Less than a month after a similar incident occurred in Germany, Ireland's national telco is the latest victim of a phone-card cloning ring.

Irish police yesterday wrapped up "Operation Kiosk," arresting eight people in a phone-card scam that had been operating in Dublin. The scam involved cloning, or artifically raising the balance, on high-value phone cards sold by Telecom Eireann, Ireland's national telco.

The suspects, six men and two women, allegedly used phone-card emulators to jack up the credit remaining on the cards. The pirates then used the cloned cards to call a premium phone-line service operated by the same group under a phony company name, according to Hack Watch News, an Irish computer-security Web site.

"They were ringing up the premium phone number, and half [of the proceeds] were going to Telecom Eireann and the other half were going to them," said Brendan Walsh, press relations officer with the Garda Síochána na h-Éireann, Ireland's national police force.

In an interview with Wired News, Walsh said that the scam had cost Telecom Eireann the equivalent of US$163,400.

Hack Watch News said that the Telecom Eireann cards are EPROM devices. Similar, cryptographically-weak cards were at the center of another phone-card scam that emerged last month in Germany, where Dutch pirates resold cloned cards.

"Phone-card fraud has been happening in Europe for years," said Markus Kuhn, a smartcard expert with Cambridge University in England. "It seems to have just recently started to reach a scale that starts to interest the international media."

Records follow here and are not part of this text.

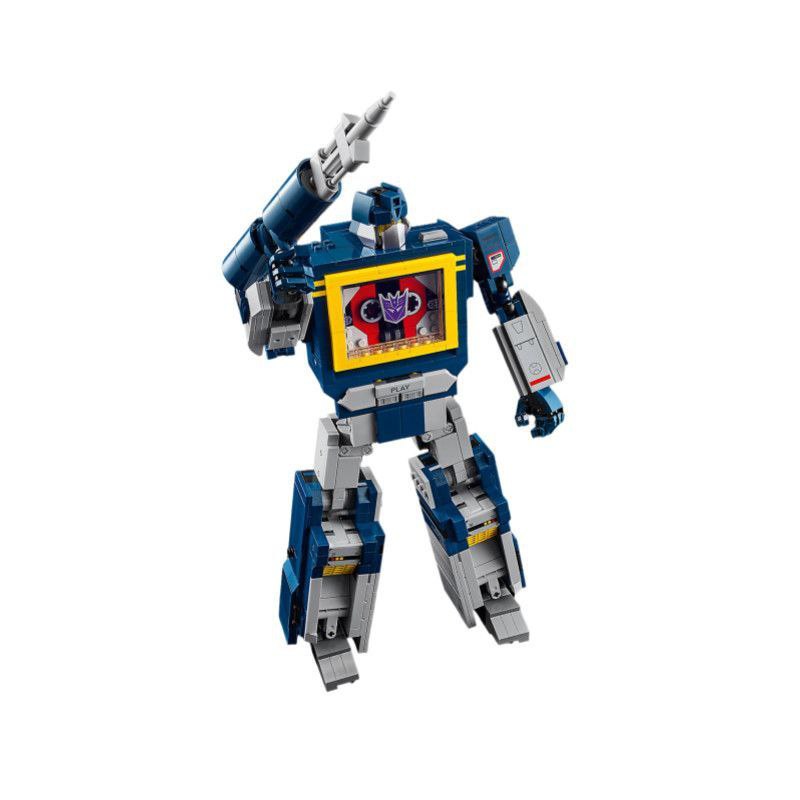 Transformers Soundwave Brix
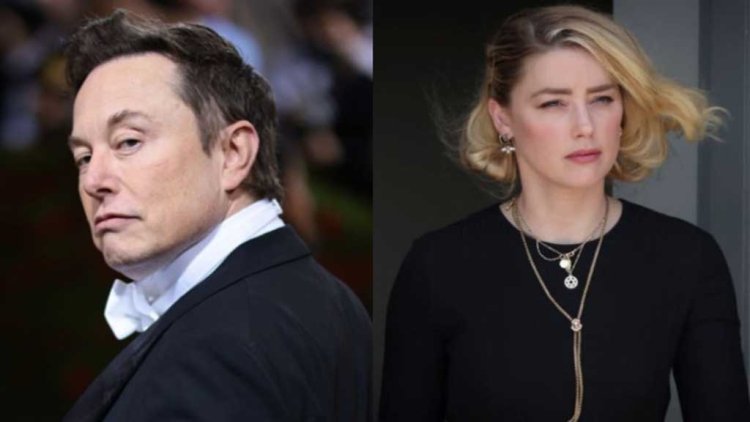 Amber Heard ex-lover Elon Musk 'is paying for her appeal', speculate fans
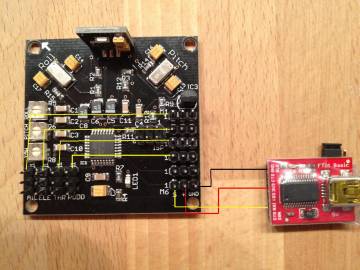 Wiring scheme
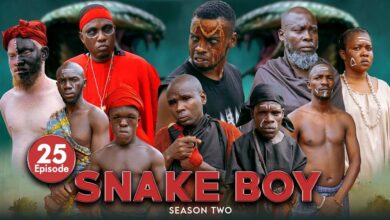 CLAM VEVO - SNAKE BOY EPISODE 25 SEASON 2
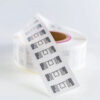 Dual-Frequency RFID Laundry Tag for Linen Tracking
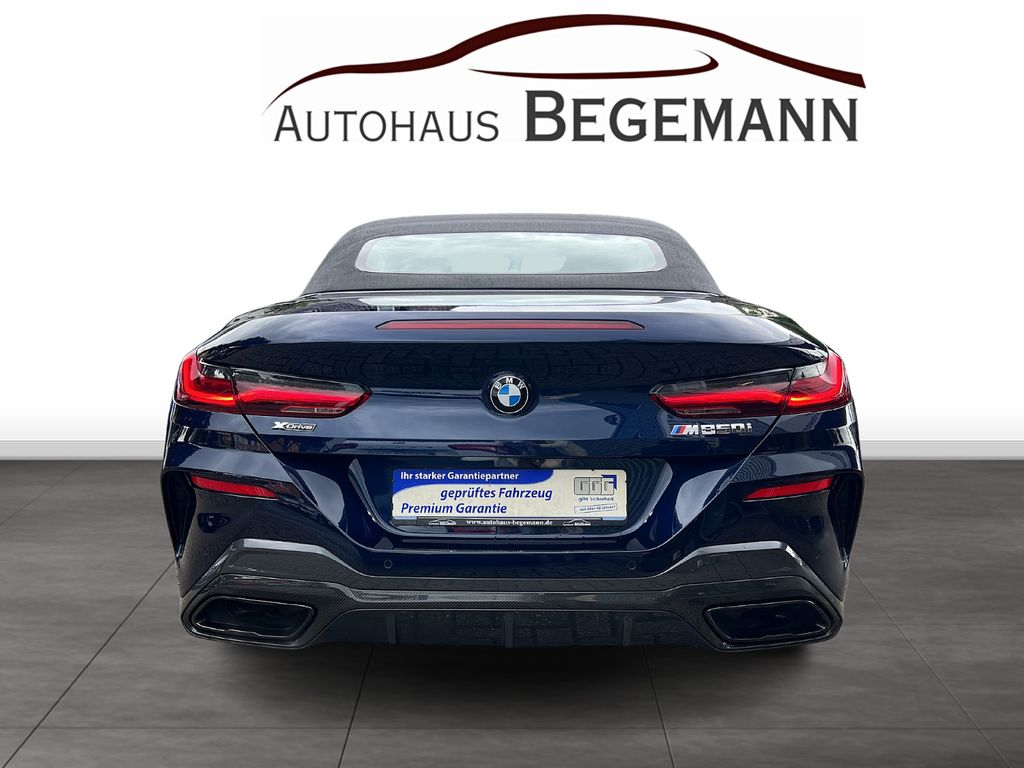 BMW M850 2023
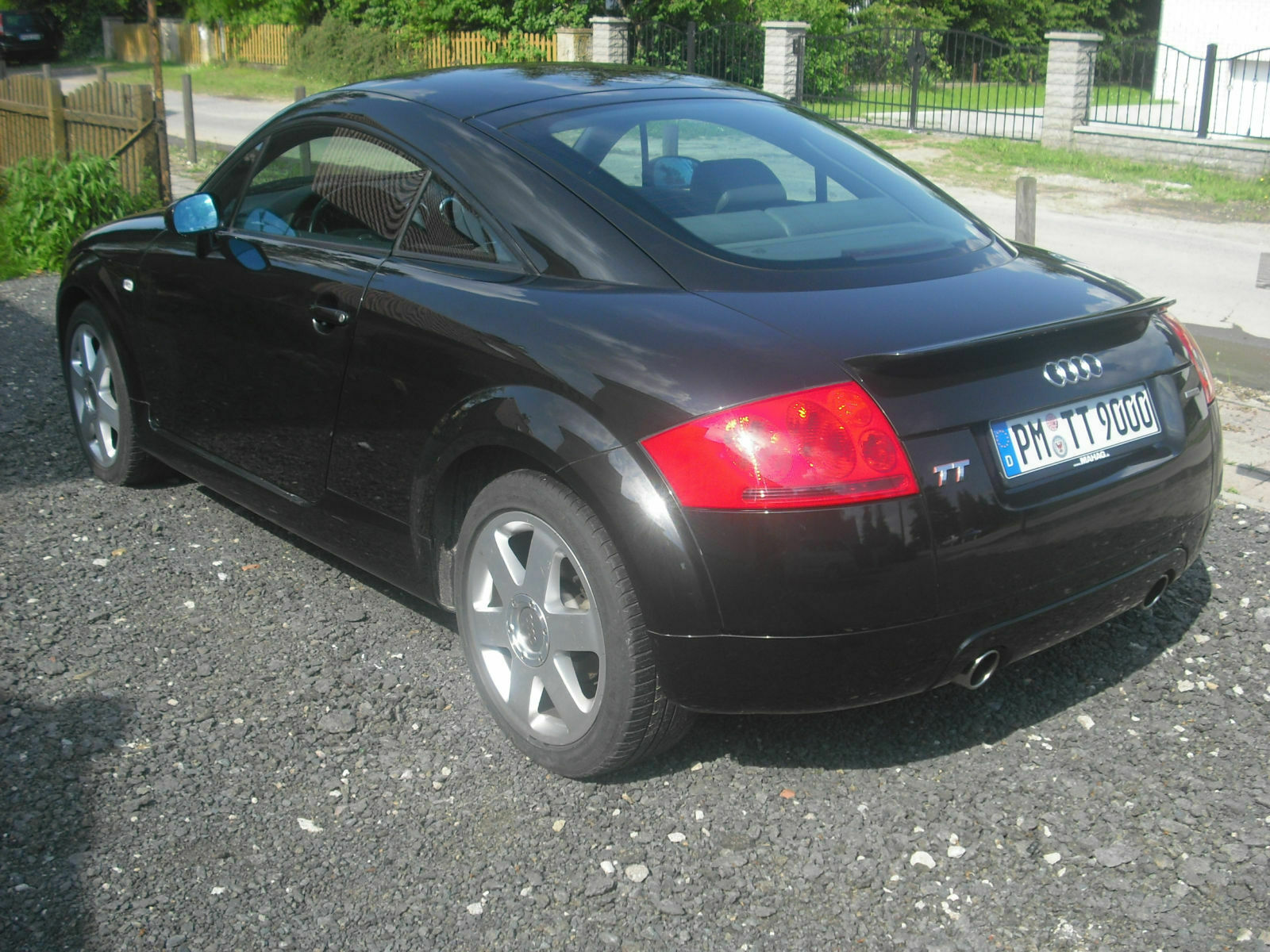 Quattro oder nicht Quattro... das ist hier die Frage....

Kuhn said that clone cards were independently developed at first, manufactured by hand in very small numbers by various electronics freaks as curious projects. But cards started turning up in bigger numbers after instructions on the process began circulating on the Internet.

"Much later," he said, "other people with the necessary criminal energy got interested in this field and started to produce these cards professionally in large quantities, selling them to special markets, such as near immigration resident homes."